Kiyoomi nods and swallows the lump in his throat. Bokuto is careful to not look at his face as they turn back down the path and pick up to the same pace as before.
The team slowly but surely disappears behind them again after a couple minutes. It’s peaceful , in a way. The cool morning air is a balm on Kiyoomi’s reddened face. Bokuto’s silent, his footfalls even and in time with Kiyoomi’s. Kiyoomi can speed up when the restless energy pools in his legs without worrying about leaving Bokuto behind.
“Please don’t tell Suzuki-san that I—” Bokuto turns to look at him again. “What happened. Whatever that was.”
“I won’t,” Bokuto says. “If you don’t want me to.”
“Thank you,” Kiyoomi says, and then, embarrassingly childish, “We’re friends?”
“Of course?” Bokuto says. “You don’t think we are?”
“That’s not—” Kiyoomi shakes his head. “I just mean, I know I’m not very good, at all this—”
“I think I know what you’re thinking, Sakkun, and I don’t really fit in with the team either, sometimes.”
Kiyoomi blinks, stunned from the apparent mind reading, or from the idea that the nicest person he’s ever met might not fit in anywhere, he isn’t sure. “Don’t look at me like that! Really!”
“They all like you,” Kiyoomi says. “You’re friends with them. You spend time with them all the time outside of practice.
“Sure.” Bokuto nods. “They’re really nice guys, y’know! And they’re a good team! Volleyball is the most important thing in the world to me, though.” Bokuto’s face goes steely and determined. “I’m gonna be the best spiker in the whole world, someday, Sakkun! So I gotta keep thinking about that and working hard every day to get there. The rest of the team works hard too, but they don’t care about it the same way. I think they think I’m a little silly, sometimes, when I say I’m gonna be the best, but I really mean it!”

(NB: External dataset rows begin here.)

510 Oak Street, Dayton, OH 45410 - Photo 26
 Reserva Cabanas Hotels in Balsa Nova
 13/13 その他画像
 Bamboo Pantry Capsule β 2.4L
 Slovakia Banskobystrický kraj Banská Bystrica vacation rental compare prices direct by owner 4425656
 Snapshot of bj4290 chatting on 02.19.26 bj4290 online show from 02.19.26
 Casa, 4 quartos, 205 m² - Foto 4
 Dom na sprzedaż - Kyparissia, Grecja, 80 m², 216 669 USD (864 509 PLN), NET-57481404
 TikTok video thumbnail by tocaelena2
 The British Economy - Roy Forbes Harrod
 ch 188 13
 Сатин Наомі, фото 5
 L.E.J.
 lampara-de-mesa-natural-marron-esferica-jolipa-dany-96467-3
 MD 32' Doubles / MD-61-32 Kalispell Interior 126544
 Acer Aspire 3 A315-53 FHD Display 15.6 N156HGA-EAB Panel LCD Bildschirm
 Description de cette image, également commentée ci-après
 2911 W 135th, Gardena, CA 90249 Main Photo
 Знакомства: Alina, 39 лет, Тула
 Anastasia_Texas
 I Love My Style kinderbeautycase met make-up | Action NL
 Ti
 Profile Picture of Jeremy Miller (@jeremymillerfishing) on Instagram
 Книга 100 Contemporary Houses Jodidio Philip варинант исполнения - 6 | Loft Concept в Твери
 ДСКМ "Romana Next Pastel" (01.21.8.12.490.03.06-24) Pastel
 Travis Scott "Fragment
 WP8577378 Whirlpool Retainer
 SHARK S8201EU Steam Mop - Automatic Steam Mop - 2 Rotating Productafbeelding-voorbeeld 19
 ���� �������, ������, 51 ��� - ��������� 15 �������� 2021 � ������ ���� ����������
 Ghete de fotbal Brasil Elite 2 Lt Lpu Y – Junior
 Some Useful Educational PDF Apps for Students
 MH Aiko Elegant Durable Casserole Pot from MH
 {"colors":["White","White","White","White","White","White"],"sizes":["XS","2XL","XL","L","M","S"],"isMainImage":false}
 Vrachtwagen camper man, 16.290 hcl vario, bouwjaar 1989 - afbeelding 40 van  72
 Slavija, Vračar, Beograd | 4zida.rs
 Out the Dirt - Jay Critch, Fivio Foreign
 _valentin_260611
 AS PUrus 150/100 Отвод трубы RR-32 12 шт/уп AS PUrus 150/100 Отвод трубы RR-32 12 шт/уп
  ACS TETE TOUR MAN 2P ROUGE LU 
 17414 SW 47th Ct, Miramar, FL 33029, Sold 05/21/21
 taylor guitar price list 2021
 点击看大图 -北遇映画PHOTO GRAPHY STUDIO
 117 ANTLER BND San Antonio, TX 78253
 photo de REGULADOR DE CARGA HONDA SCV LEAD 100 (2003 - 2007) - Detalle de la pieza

Kiyoomi doesn’t know how anyone could ever take Bokuto at anything less than his word. “I know you do.”
“You want to go pro, Sakkun?”
Kiyoomi nods. “Of course.”
“Why?”
“I love volleyball,” Kiyoomi says. “I’m going to be the best in the world one day.”
Bokuto grins, so wide it looks like his face will split with it. “Good,” he says. “I think we’re really alike, Sakkun! And I like playing with you. I think you make me a better player. And you’re fun to hang out with! And I like running with you! So I think we should be friends, if you want to.”
“Ok,” Kiyoomi says. The ache in his chest doesn’t disappear, but it fades, just a little bit. Bokuto smiles at him, so genuine he doesn't know what to do with it besides keep running, and it fades a little more. “Friends.”